▶ **Your goal**: Transcribe the listing below in full, exactly, with no images.

▶ **Excerpted data**:
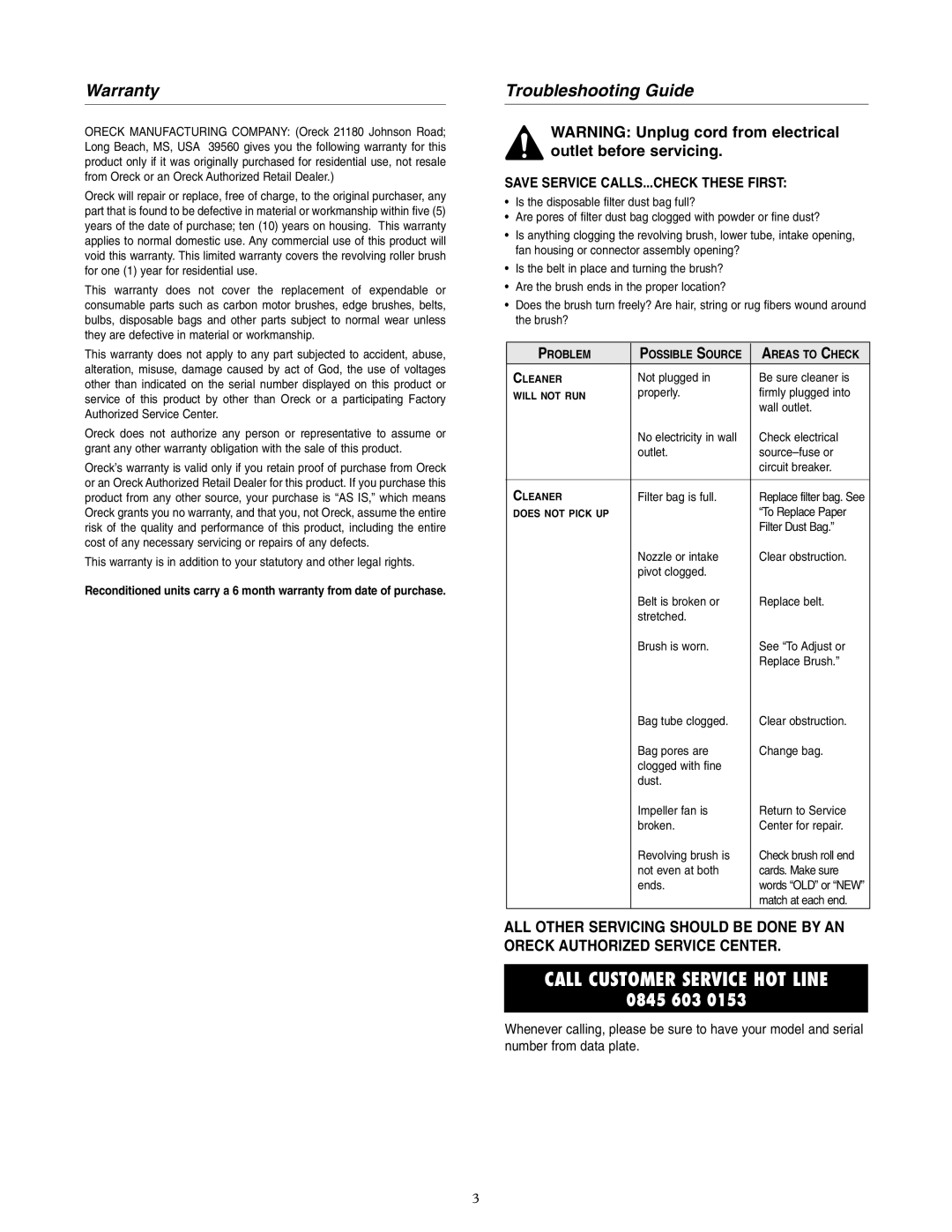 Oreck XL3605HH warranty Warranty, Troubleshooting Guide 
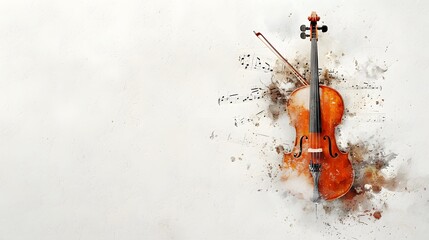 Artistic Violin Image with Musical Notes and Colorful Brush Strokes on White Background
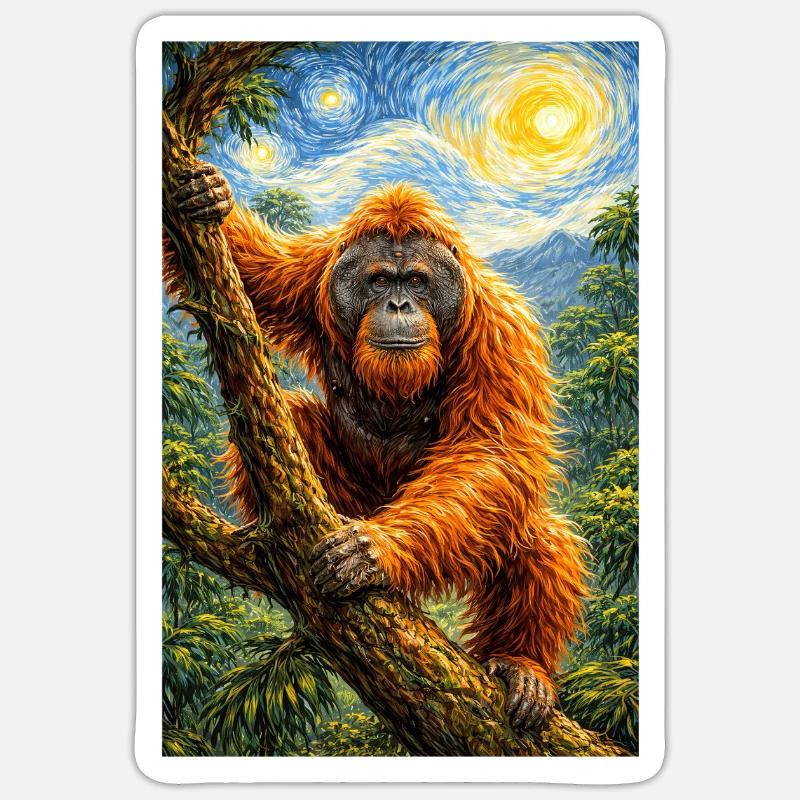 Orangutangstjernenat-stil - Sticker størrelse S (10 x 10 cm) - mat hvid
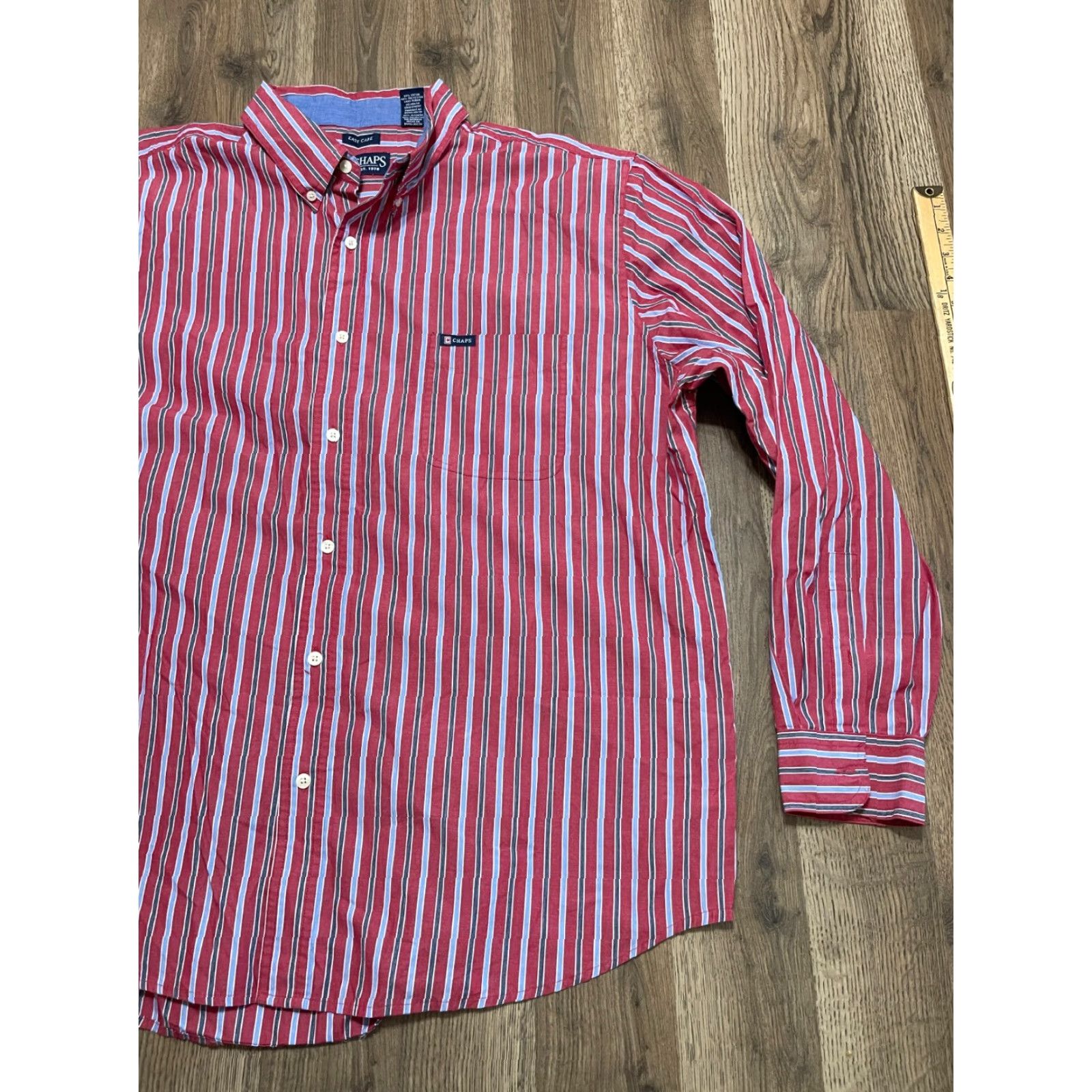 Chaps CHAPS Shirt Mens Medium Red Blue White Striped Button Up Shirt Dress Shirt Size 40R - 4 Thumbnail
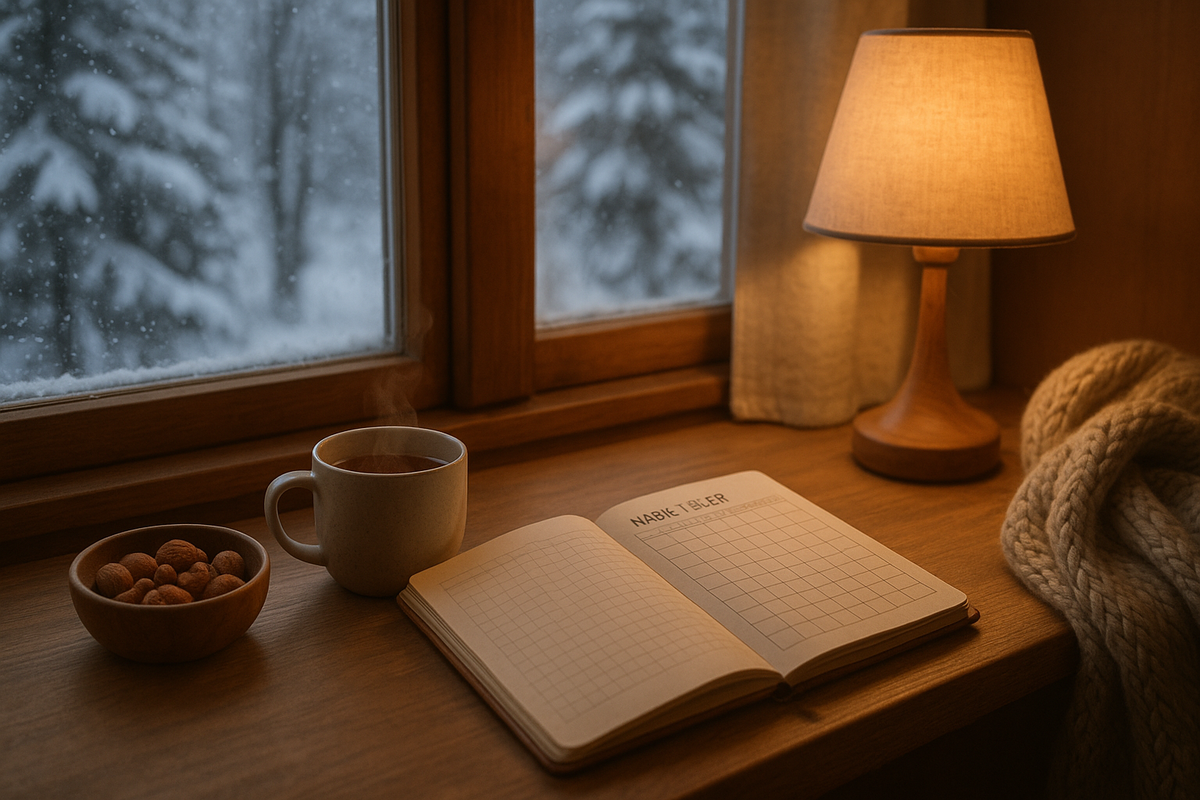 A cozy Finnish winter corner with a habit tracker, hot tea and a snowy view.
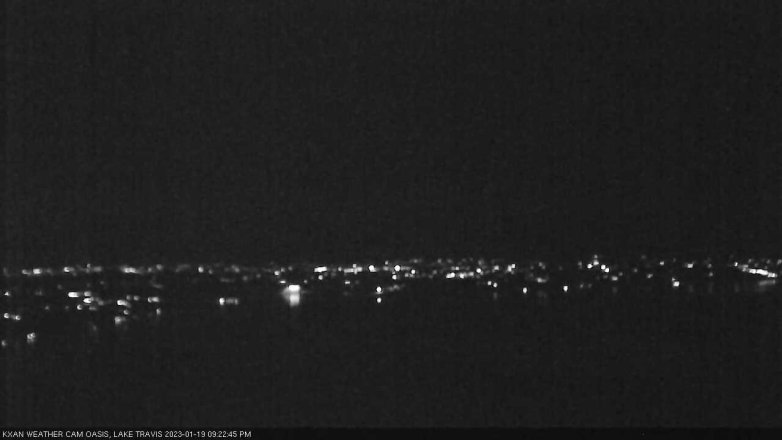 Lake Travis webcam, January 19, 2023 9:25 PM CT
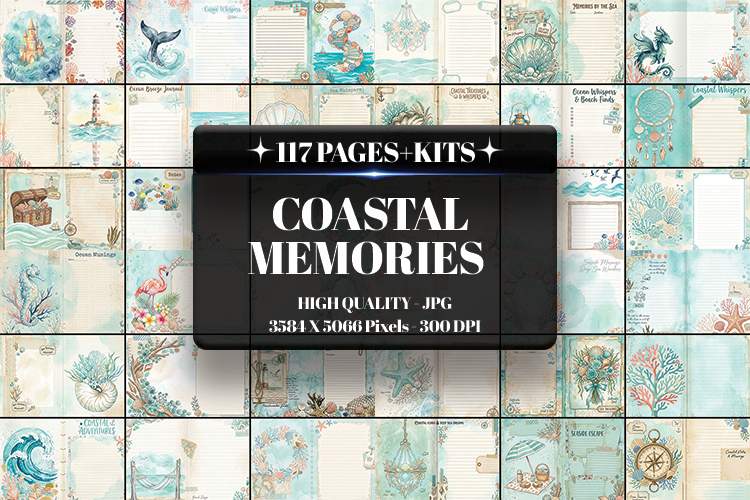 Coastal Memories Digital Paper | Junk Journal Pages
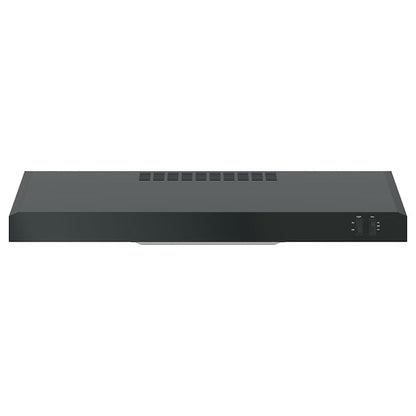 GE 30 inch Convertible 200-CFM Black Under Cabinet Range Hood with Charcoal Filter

▶ **Finished exercise**:
 Oreck XL3605HH warranty Warranty, Troubleshooting Guide 
 Artistic Violin Image with Musical Notes and Colorful Brush Strokes on White Background
 Orangutangstjernenat-stil - Sticker størrelse S (10 x 10 cm) - mat hvid
 Chaps CHAPS Shirt Mens Medium Red Blue White Striped Button Up Shirt Dress Shirt Size 40R - 4 Thumbnail
 A cozy Finnish winter corner with a habit tracker, hot tea and a snowy view.
 Lake Travis webcam, January 19, 2023 9:25 PM CT
 Coastal Memories Digital Paper | Junk Journal Pages
 GE 30 inch Convertible 200-CFM Black Under Cabinet Range Hood with Charcoal Filter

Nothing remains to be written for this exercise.